In 1898 bouwde Louis Renault in zijn atelier achter het huis van zijn ouders zijn eerste auto. De Type A met De Dion-Bouton-eencilinder trok de aandacht met een buizenchassis, stuur en versnellingsbak met drie verzetten. Niet veel later richtte Louis samen met zijn broers Marcel en Fernand het bedrijf Renault Frères op, in het Franse Billancourt. 120 jaar later is Renault een van de grootste constructeurs ter wereld.
Van de Type A…
Autoworld is natuurlijk niet groot genoeg om alle modellen tentoon te stellen uit de carrière van Renault. Toch worden er veertig belangrijke en uitzonderlijke modellen tentoongesteld aan het Jubelpark.
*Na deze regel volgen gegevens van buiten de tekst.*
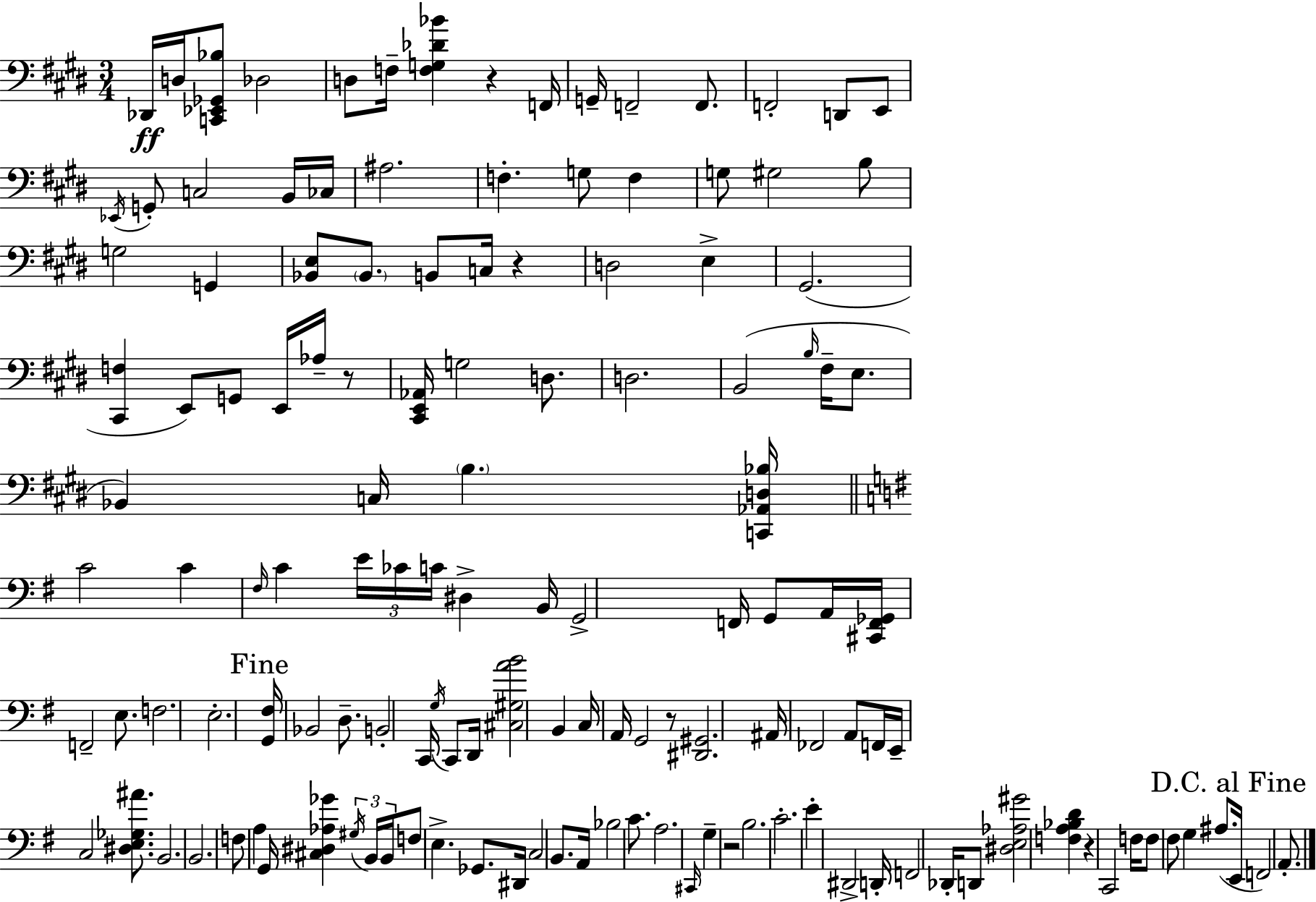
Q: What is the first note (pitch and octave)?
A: Db2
De eerste Renault, de Type A, staat er broederlijk naast een Type B uit 1900, de eerste auto met koetswerk uit de geschiedenis. De twee niet-gerestaureerde auto’s uit het museum van Compiègne staan vlak bij een “Taxi de la Marne”, een van de Renaults die soldaten naar het front voerden in 1914.
… tot de Clio RS
Verder kom je er iconische modellen van het merk tegen: de Juvaquatre, 4CV, Dauphine, R4, R5 en R16. De eerste Espace, de eerste Europese monovolume mag natuurlijk niet ontbreken, evenmin als sportieve Clio- en RS-modellen.
Autosport
Renault heeft ook een rijke autosportgeschiedenis: van de 40CV Record over Gordini tot Formule 1-auto’s met turbomotoren uit de jaren 70. Dankzij Renault Classic valt er een mooie delegatie racewagens te bewonderen.
De hele zomer
De tentoonstelling “Renault 120 Years” begint op 13 juli en loopt de hele zomer lang. Om ze te bezoeken, hoef je gewoon naar Autoworld zelf te gaan. De toegang voor volwassenen kost € 11, senioren betalen € 9. Kinderen van 6 tot 12 jaar betalen € 4. Studenten mogen binnen voor € 8.